Though the band recently signed with Sony Columbia, they stress the importance of keeping music production local. Through the Gale was released by Telmavar Records, Avidan’s independent record label, and it will not go public in Europe for another year or so.
Avidan told The Jerusalem Post, “Because we still produce from A-Z all our albums, with our graphics, we give them a [finished] product. They cannot touch anything. We record in Israel. Everything is done here.
Not because of some patriotic thing but because it’s our home, and we can communicate better with the people here.”
Upcoming months hold many exciting events for the band.
First, the band will appear as part of the Maccabi Beer Home Tour, a series of concerts that are to take place in people's homes throughout the country.
In order to decide where to hold the shows, Maccabi Home Tour advertised a contest calling for a picture and personal statement about the essence of rock and roll. In the end, the band chooses the winners. "People are sending amazing things that are art forms in and of themselves,” Avidan said. “It's becoming this really cool contest. We don't know how to choose.”
On January 29, they will perform the entire new album, complete with a 40-piece orchestra, at the Tel Aviv Opera House. Avidan describes the upcoming performance as “almost a dream come true” for the band.
“It’s amazing to see what kind of translation we can give the songs in a different way. I know how I play them with guitar or piano. I know how it sounds with four more musicians, but hearing this process of rehearsing with classical musicians who have played four hours a day for I don’t know how many years... it seems way beyond,” he says.

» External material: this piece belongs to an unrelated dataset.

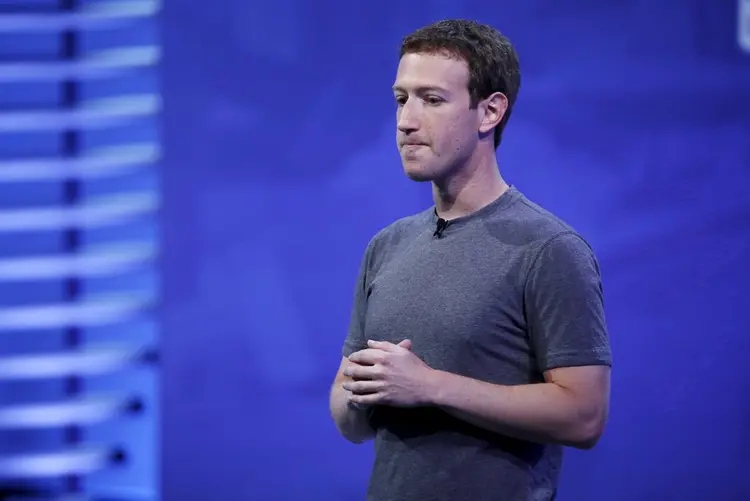 MARK ZUCKERBERG: Como Zuckerberg acumula o cargo de chairman e CEO, a companhia tem um alto risco de governança / Stephen Lam/Reuters (Stephen Lam/Reuters)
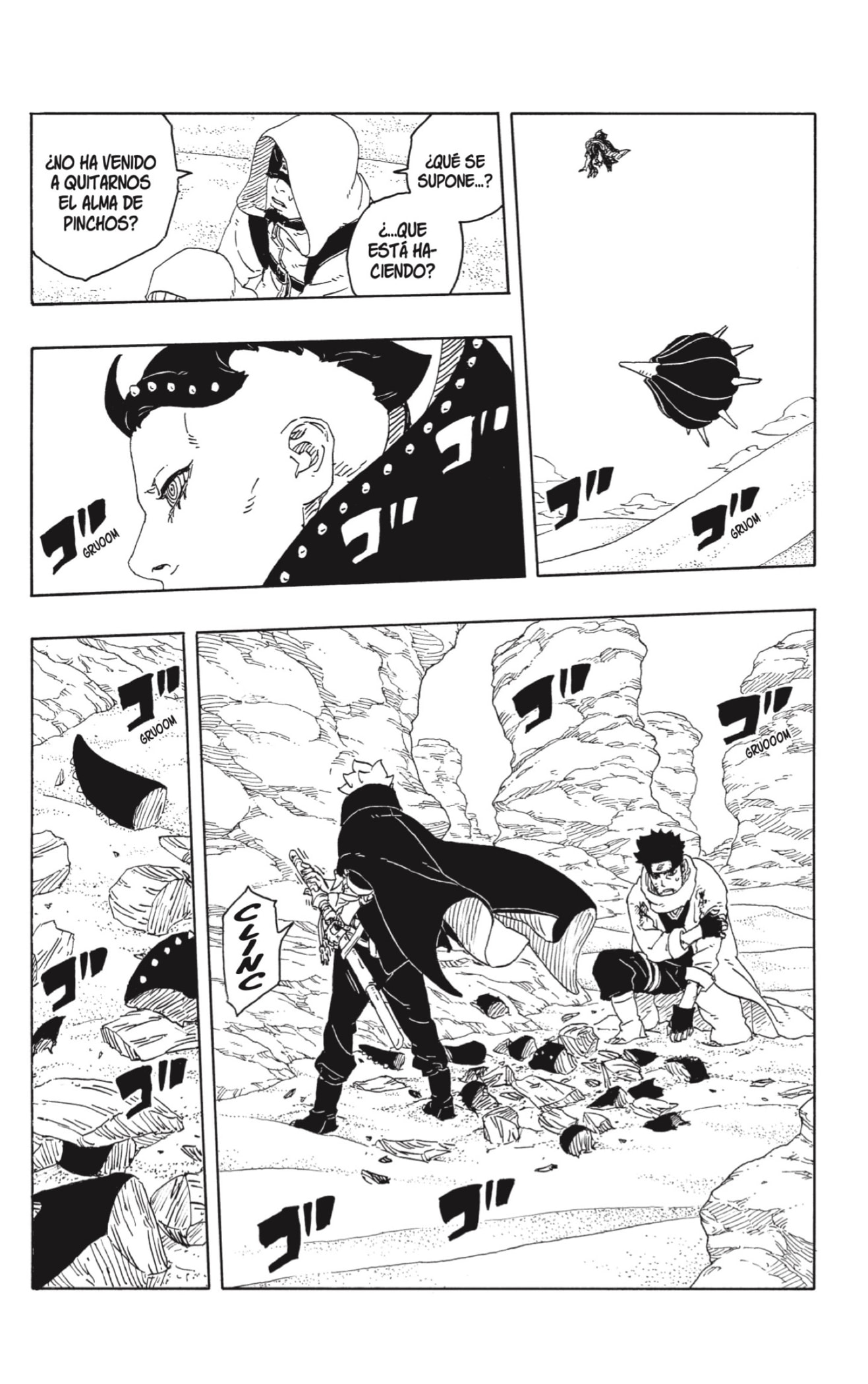 Boruto: Two Blue Vortex Capitulo 22 página 6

Then, this spring, they tour the US, Canada and Europe.
Since the release of The Reckoning four years ago, Avidan & The Mojos have gradually established a solid foothold overseas. Avidan sighs when asked how his life has changed these past few years. “It takes getting used to the fact that people recognize me, that people treat me differently. The fact that I have to lead a different lifestyle takes getting used to.”
But what’s important, he says, is that “we are still making the art the way we see... That we can still focus on what’s important, with everything else that is going on, is, I think, the only real prize there is to this whole mess around us.”